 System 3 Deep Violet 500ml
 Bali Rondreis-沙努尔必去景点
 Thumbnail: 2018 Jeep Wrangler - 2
○ ○ ○
_WORK ITEM:_
The answer must be the line containing "Bali Rondreis-沙努尔必去景点" and every line after it to the end of the data, each set down exactly.

_RESULT OF THIS EXERCISE:_
 Bali Rondreis-沙努尔必去景点
 Thumbnail: 2018 Jeep Wrangler - 2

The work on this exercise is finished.